Ethnoarchaeology of pottery: style and technology boundaries in southeast Botswana
Thebe, Phenyo Churchill
The notion that ceramic styles mark ethnic and linguistic groups is problematic. The notion perceives cultures as geographically discrete with distinct material and cultural traits. Research in the 1960s has demonstrated that social boundaries are a product of interaction and not isolation. Ethnoarchaeological research in the 1970s and 1980s adopted information exchange and social interaction models to understand stylistic boundaries. These studies show that material culture style does not always mark ethnic or linguistic boundaries and may not be prominent if there is no competition for resources. Depending on a number of factors, style variations in material culture may mark the style of an individual, a community of practice or social identity. Other factors are also relevant; the matter is complex. To investigate this complexity, an ethnoarchaeological study was launched to study the products of 41 contemporary potters affiliated with different social, political and linguistic groups in south-eastern Botswana. This study demonstrates that variations in different parts of the process of manufacturing ceramics can mark different kinds of social boundaries.
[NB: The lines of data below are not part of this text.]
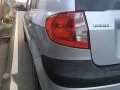 Hyundai Getz-4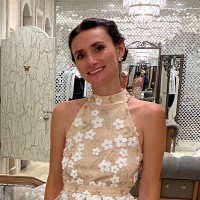 Ipek Yashinski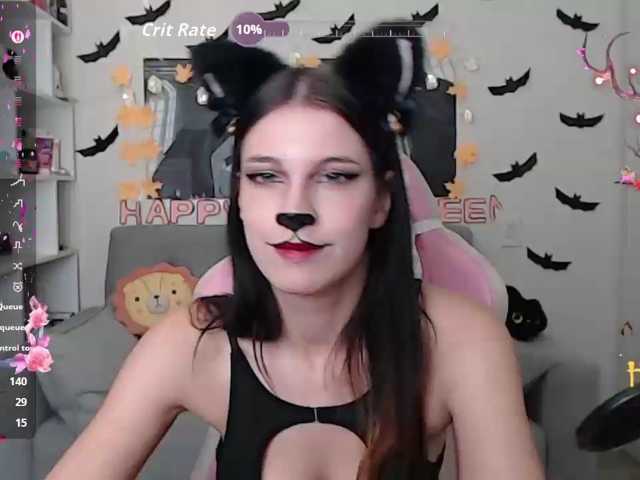 Kristy-Angel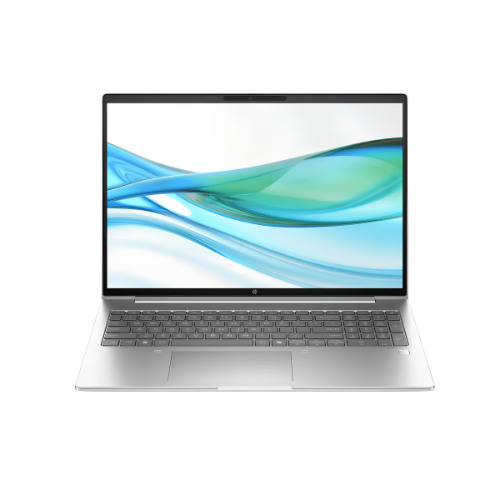 HP ProBook 460 G11 Intel Core Ultra 7 8GB DDR5 512GB SSD – 16" WUXGA Workstation-Class Laptop | Developers & Senior Analysts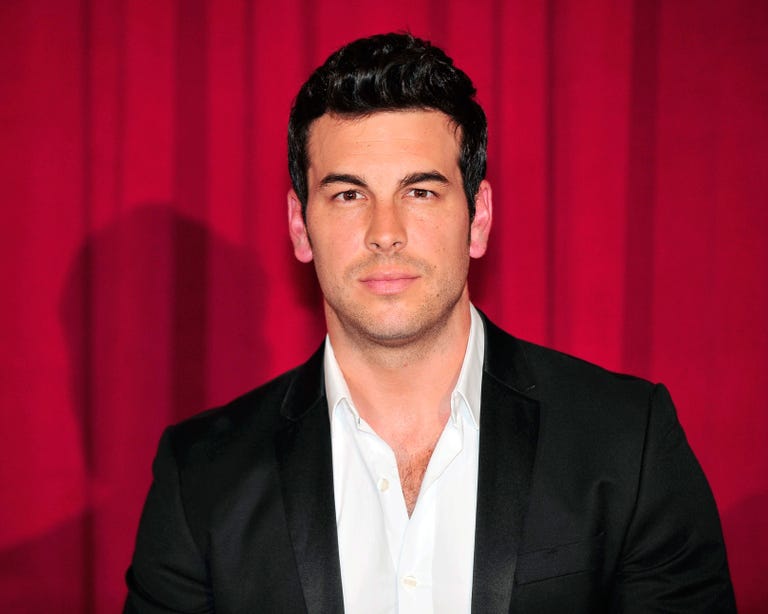 PARECIDOS RAZONABLES - Página 5 Mario-casas-cumplean-os-port-1528718534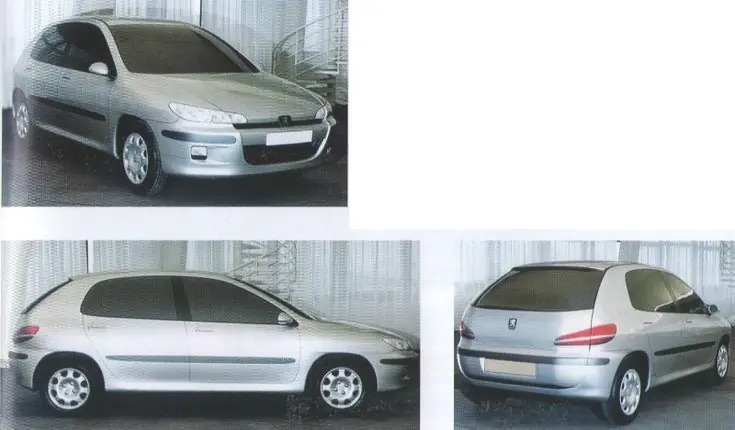 auto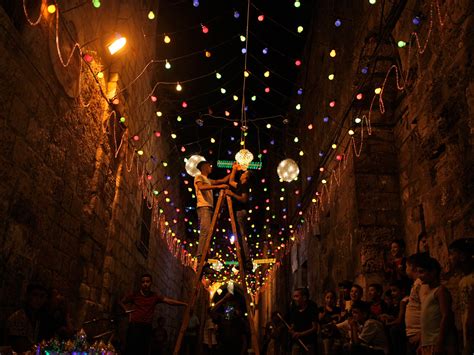 صور رمضان جديدة جدًا 1442/2021 اجمل الصور عن شهر رمضان كريم كروت بطاقات تهنئة فلاش رمضانية متحركة تحميل خلفيات احلى صور فانوس صور رمضان. أجمل صور زينة رمضان 2021 , افكار رائعة للزينة فى رمضان ...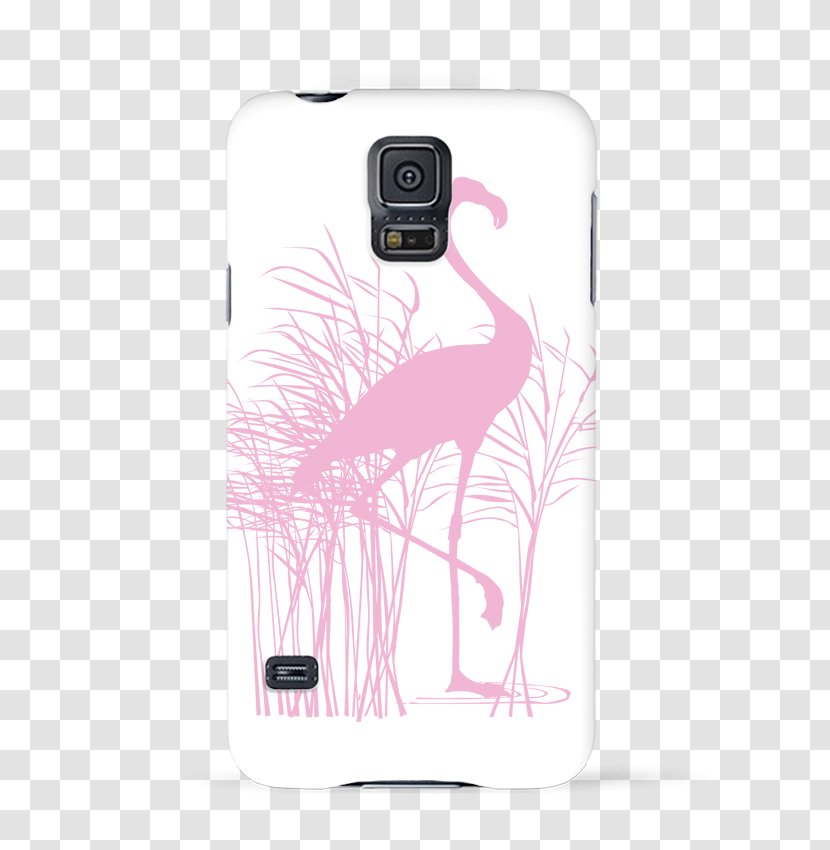 Bird Mobile Phone Accessories Font Transparent PNG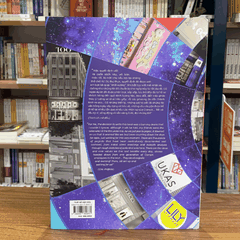 Thiết kế một màu (BC) (SDV) 888k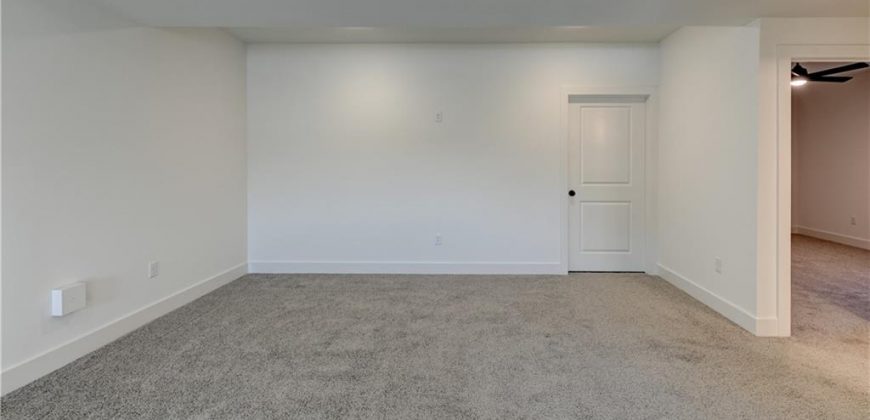 Homes for Sale in Kansas City, MO 64153 | 6500 NW 98th Street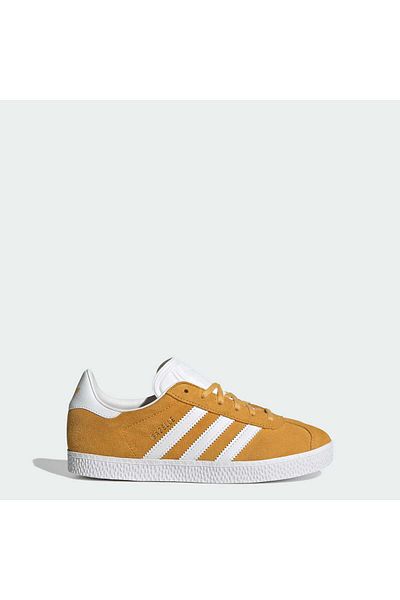 adidas Boty Gazelle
Clay sourcing strategies in south-eastern Botswana today show that the choice in the selection of potting clay is principally dictated by distance to the source. In contrast, in the forming and shaping of pots, boundaries are influenced more by teacher-learner networks than ethnic group and geographic location. Decoration styles also show strong association to learning networks. Geographic location is more influential in determining techniques of firing pots. Here, ―community of practice‖ and mobility of potters present significant stylistic and technological boundaries. The chaîne opératoire of living pottery traditions may assist in the interpretation of pottery in the Iron Age of southern Africa, however, the connection between the past and present is complex.
A thesis submitted to the Faculty of Science, University of the Witwatersrand, Johannesburg, in fulfilment of the requirements for the degree of Doctor of Philosophy. 22 March 2017.